═════ RECORD EXCERPTS

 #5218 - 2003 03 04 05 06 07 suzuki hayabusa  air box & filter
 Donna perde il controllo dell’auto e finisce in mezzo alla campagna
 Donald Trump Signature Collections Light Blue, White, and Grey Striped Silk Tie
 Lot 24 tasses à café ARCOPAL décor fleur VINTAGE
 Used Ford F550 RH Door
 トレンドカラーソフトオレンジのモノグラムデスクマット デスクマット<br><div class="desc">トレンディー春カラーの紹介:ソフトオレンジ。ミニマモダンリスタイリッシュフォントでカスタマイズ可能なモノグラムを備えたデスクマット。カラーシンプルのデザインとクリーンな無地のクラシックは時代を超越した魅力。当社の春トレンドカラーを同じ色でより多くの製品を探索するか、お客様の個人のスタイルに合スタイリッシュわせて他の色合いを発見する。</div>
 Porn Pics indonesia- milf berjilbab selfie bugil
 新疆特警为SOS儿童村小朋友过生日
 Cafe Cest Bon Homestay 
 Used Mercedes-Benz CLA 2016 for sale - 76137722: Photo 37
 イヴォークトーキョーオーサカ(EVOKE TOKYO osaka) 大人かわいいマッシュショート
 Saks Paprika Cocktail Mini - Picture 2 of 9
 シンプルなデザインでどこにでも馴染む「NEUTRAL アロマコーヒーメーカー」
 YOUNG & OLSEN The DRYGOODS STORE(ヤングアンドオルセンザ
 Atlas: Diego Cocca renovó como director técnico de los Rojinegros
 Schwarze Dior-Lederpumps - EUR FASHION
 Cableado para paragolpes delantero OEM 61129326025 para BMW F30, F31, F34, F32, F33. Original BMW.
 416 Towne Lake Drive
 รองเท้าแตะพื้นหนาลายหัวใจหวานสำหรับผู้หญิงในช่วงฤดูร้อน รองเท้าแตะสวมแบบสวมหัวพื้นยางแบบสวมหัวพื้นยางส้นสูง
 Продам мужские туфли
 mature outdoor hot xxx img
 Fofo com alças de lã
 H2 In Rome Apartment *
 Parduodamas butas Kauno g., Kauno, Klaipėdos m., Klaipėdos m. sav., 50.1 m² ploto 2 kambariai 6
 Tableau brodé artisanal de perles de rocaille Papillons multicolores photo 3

══════════

With no word changed, write the entries out once more.

COMPLETED EXERCISE.
 #5218 - 2003 03 04 05 06 07 suzuki hayabusa  air box & filter
 Donna perde il controllo dell’auto e finisce in mezzo alla campagna
 Donald Trump Signature Collections Light Blue, White, and Grey Striped Silk Tie
 Lot 24 tasses à café ARCOPAL décor fleur VINTAGE
 Used Ford F550 RH Door
 トレンドカラーソフトオレンジのモノグラムデスクマット デスクマット<br><div class="desc">トレンディー春カラーの紹介:ソフトオレンジ。ミニマモダンリスタイリッシュフォントでカスタマイズ可能なモノグラムを備えたデスクマット。カラーシンプルのデザインとクリーンな無地のクラシックは時代を超越した魅力。当社の春トレンドカラーを同じ色でより多くの製品を探索するか、お客様の個人のスタイルに合スタイリッシュわせて他の色合いを発見する。</div>
 Porn Pics indonesia- milf berjilbab selfie bugil
 新疆特警为SOS儿童村小朋友过生日
 Cafe Cest Bon Homestay 
 Used Mercedes-Benz CLA 2016 for sale - 76137722: Photo 37
 イヴォークトーキョーオーサカ(EVOKE TOKYO osaka) 大人かわいいマッシュショート
 Saks Paprika Cocktail Mini - Picture 2 of 9
 シンプルなデザインでどこにでも馴染む「NEUTRAL アロマコーヒーメーカー」
 YOUNG & OLSEN The DRYGOODS STORE(ヤングアンドオルセンザ
 Atlas: Diego Cocca renovó como director técnico de los Rojinegros
 Schwarze Dior-Lederpumps - EUR FASHION
 Cableado para paragolpes delantero OEM 61129326025 para BMW F30, F31, F34, F32, F33. Original BMW.
 416 Towne Lake Drive
 รองเท้าแตะพื้นหนาลายหัวใจหวานสำหรับผู้หญิงในช่วงฤดูร้อน รองเท้าแตะสวมแบบสวมหัวพื้นยางแบบสวมหัวพื้นยางส้นสูง
 Продам мужские туфли
 mature outdoor hot xxx img
 Fofo com alças de lã
 H2 In Rome Apartment *
 Parduodamas butas Kauno g., Kauno, Klaipėdos m., Klaipėdos m. sav., 50.1 m² ploto 2 kambariai 6
 Tableau brodé artisanal de perles de rocaille Papillons multicolores photo 3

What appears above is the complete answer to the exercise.